_RECORDED INFORMATION_:
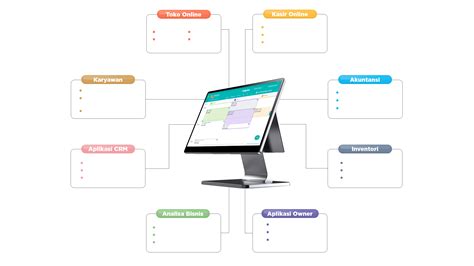 Software POS Kecantikan Premium Banyak Fitur Dari Majoo Prime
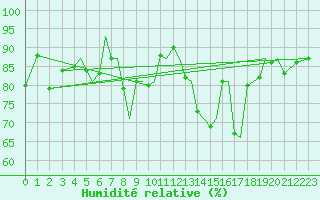 Courbe de l'humidit relative pour Orland Iii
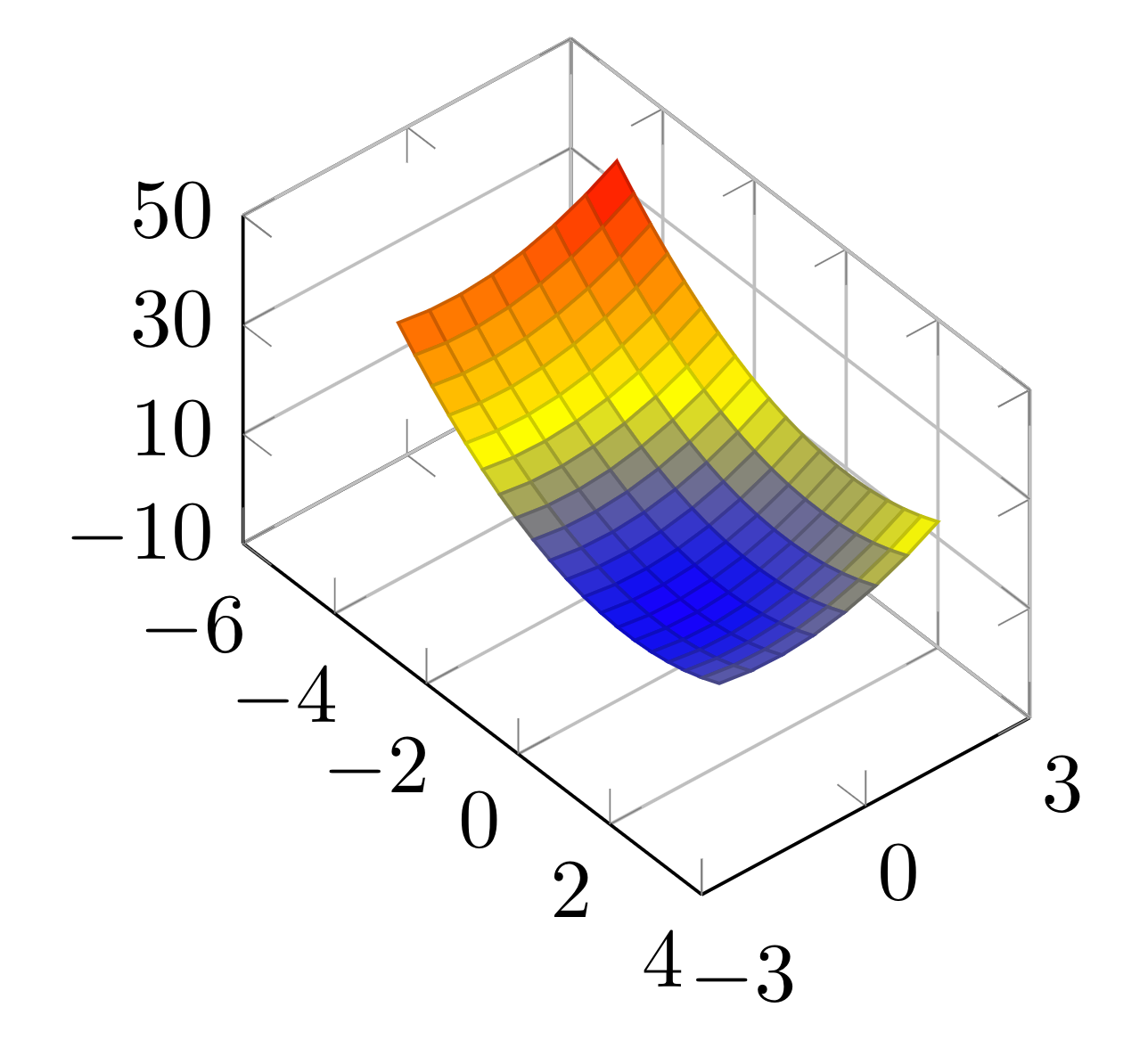 unit vector ratio 3d plot TikZ pgfplots latex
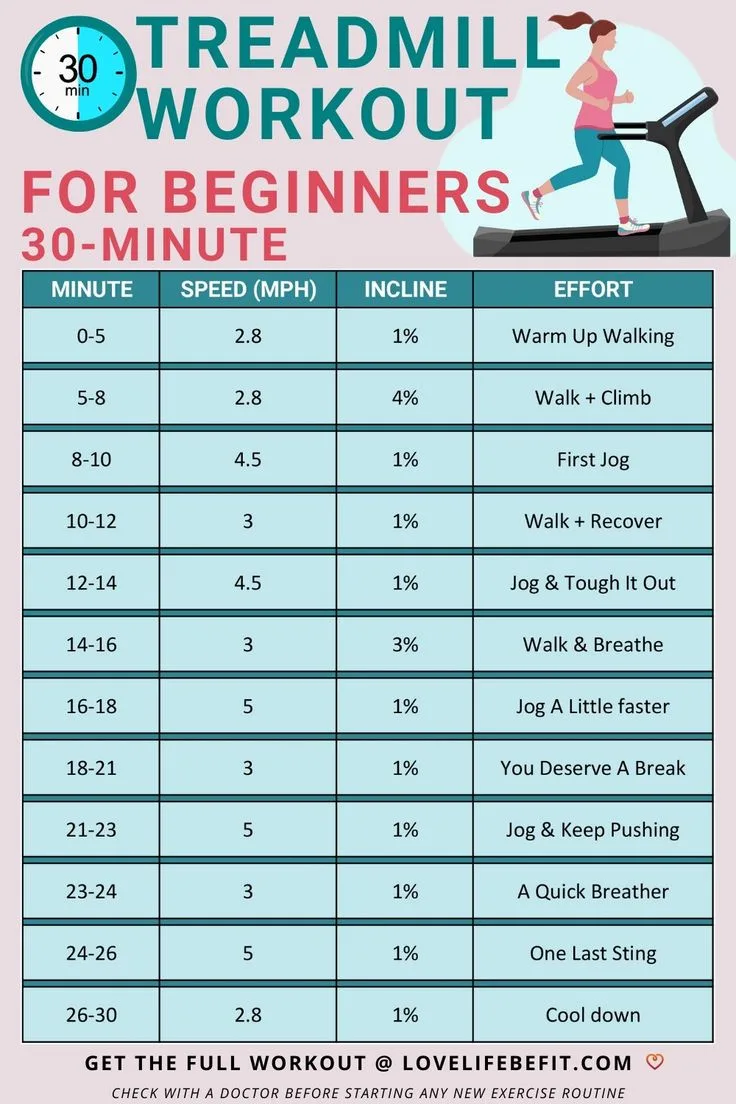 treadmill warm-up routine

_TASK OBJECTIVE_: All lines from the one that contains "unit vector ratio" through the last line of the data should be retyped exactly, with the pictures left out.

_OUTPUT OF THE EXERCISE_:
 unit vector ratio 3d plot TikZ pgfplots latex
 treadmill warm-up routine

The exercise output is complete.